Phil: Haas decided to go “over his helmet,” much like Sal Viscuso did to Rick Moranis in Spaceballs.
Summer: Right. I think that was an excuse more than anything. Stewart’s not the kind of guy to say, “I’m hurt. I want no part of it.”
Mike: It is also going to be interesting to see how SHR handles running four teams. Three has been a stretch and four has damn near killed RCR when they’ve tried it.
Summer: And even Haas admits they don’t have the resources. Which just makes me wonder what business Haas has helping run a race team when he cares more about what he can and can’t do in the team than the actual product of the racing. You can’t convince me that there weren’t other sponsorship opportunities on the other three cars. From my understanding, even Patrick doesn’t have all 36 races covered next year.
Mike: One thing Busch has proven, though is he can run decent with an underfunded team supported by Hendrick.
Phil: True. And if Haas is willing to foot the bill entirely himself, who’s going to stop him?
Summer: Right, Phil, that’s what I don’t understand about this whole thing. Was SHR really going to say, “No, we don’t want your money?” That’s crazy. As for Busch… he can do great anywhere he goes. But he’s been the focus at all of his teams over the past year or so. He’s going to have to share now.
Phil: I’m assuming Haas is using his own money to expand the shop to cut down on the space constraints as well here.
Summer: He doesn’t have much of a choice.
Phil: They won’t. You’ll have a scenario similar to the No. 39 in the past, just with more races with Haas plastered on the car. But, they’re not dumb enough to turn away sponsors. Watch for roughly half the season to be sponsored by something other than Haas Automation.
Summer: This whole thing just doesn’t make sense.
Phil: Also, I hope they’re hiring some more dudes to work in the shop. Can’t add a car without more people on the floor, or everyone gets stretched too thin.
Mike: It is a very odd scenario. I’m sure they’ll add a bunch more people.
Summer: Well, it was a crappy way to do business. I think that much is simple. It just makes me wonder what is really going on behind the scenes at that team.
Phil: I know. Haas has thrown down the gauntlet. He’s not so silent anymore (if he ever was). Busch’s success is essentially all on Haas. If he fails, it’s Gene’s fault.

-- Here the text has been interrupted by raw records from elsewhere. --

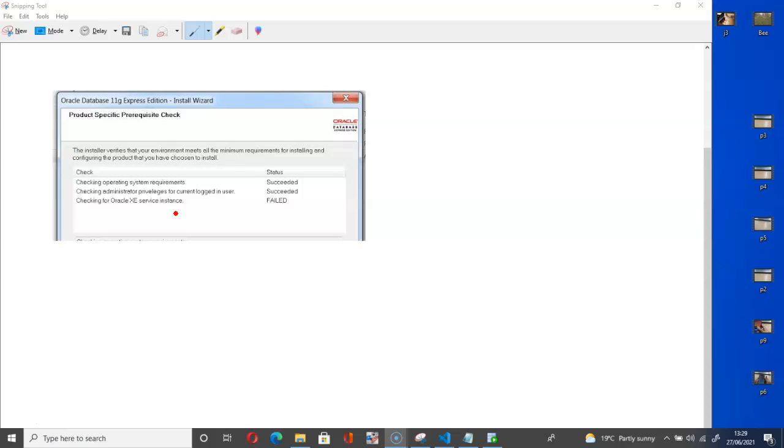So let me show you what I previously suggested in my previous video. When you have this issue, it means that there is already an Oracle XE on your system that you need to go delete before you can install this 11g successfully.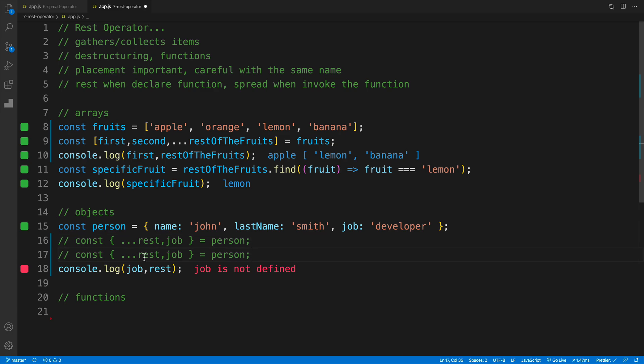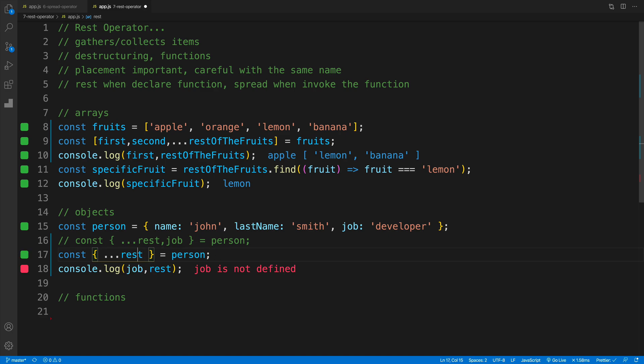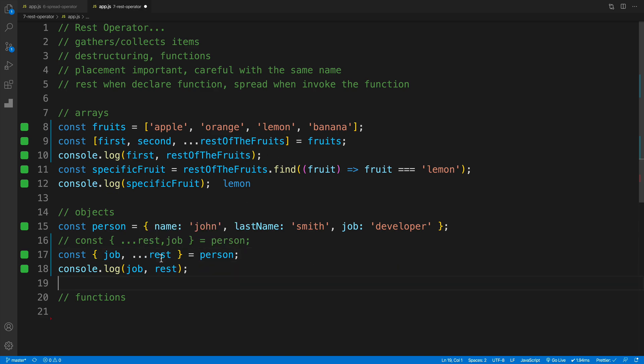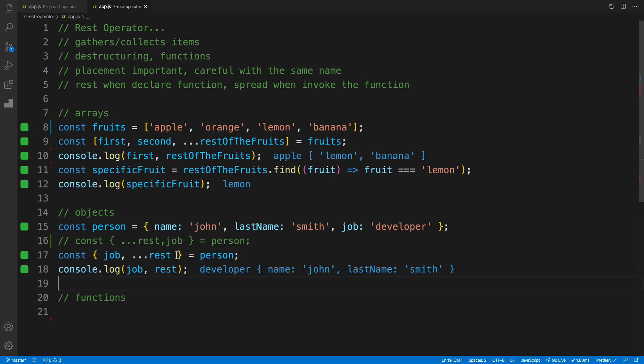And I'll copy and paste. Let's actually set it up properly where we need to come up with whichever properties you would want. Again in this case it's just going to be job, and then we place our dot dot rest.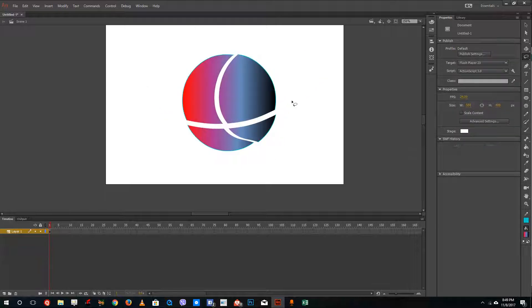So that is how you can use the lasso tool inside of Adobe Animate. Hope you guys learn something as always and please like, comment, share, and subscribe.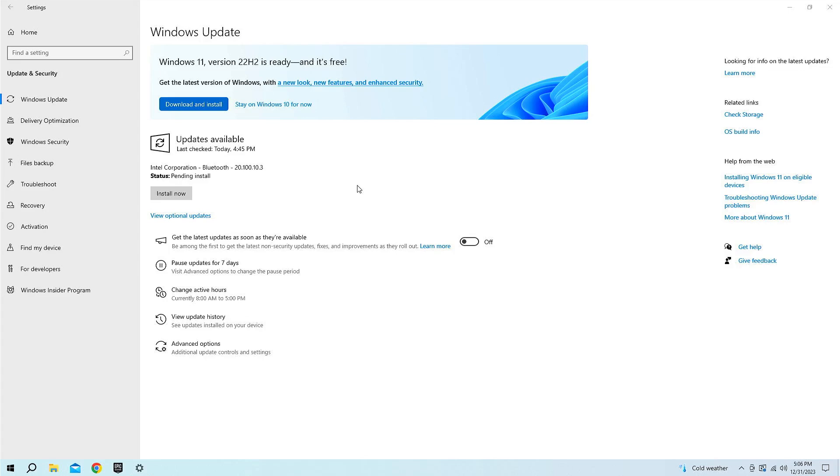I'm gonna end this video here, I don't want to make this too long. But if you ever had this come up on a system that didn't support Windows 11, leave that down in the comments below and leave your comment what CPU you actually had in the system. Thank you for watching.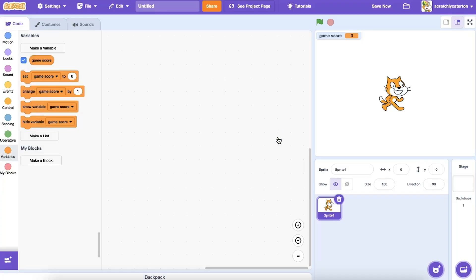Notice the different types of blocks available in the Variables category. There are blocks to set or change the variable, for instance, and even a variable reporter block, that oval block, that can be used inside another block. In our next video, we'll explore some examples of creating and using custom variables and lists.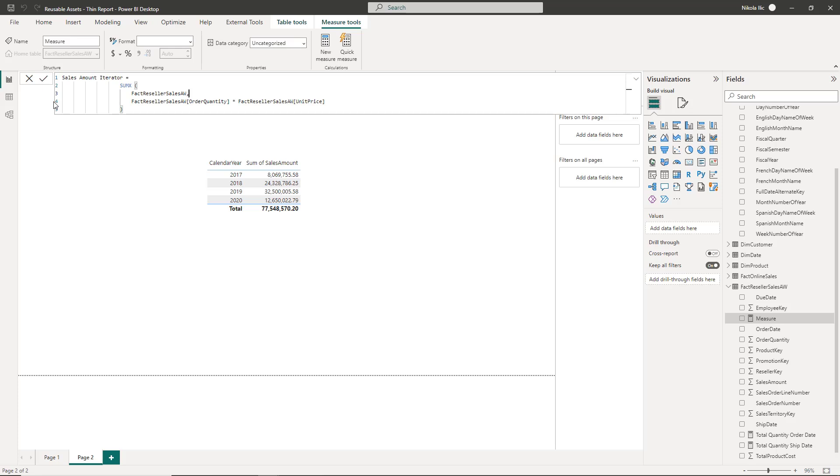the first difference between the two is that iterators need at least two parameters to work. The first is always a table that they need to iterate on. This can be both physical or virtual table. And the second is the expression that needs to be applied for every row of that table.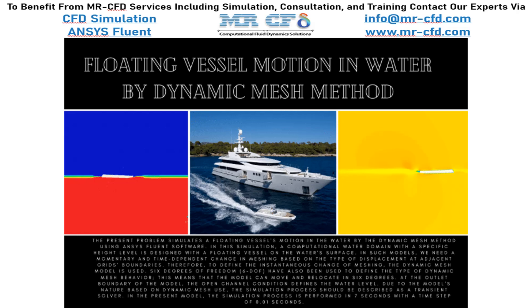In this project, we will simulate the floating vessel motion in water by dynamic mesh method.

Mike: I think Newman got screwed, Busch is going to have at least one argument with his teammates during the season, and there will be two SHR cars in the Chase next year.
Phil: Ryan Newman probably wants to throw some of his weight around with Haas right about now. I’m sure he’ll finish out the year in the No. 39, but he definitely doesn’t feel wanted.
Predictions for Atlanta?
Summer: I’m going with Jimmie Johnson to rebound.
Mike: Dale Earnhardt, Jr. wins a race to silence all of the talk about him possibly missing the Chase.
Phil: I’m feeling Greg Biffle this week. Not sure why, but I am.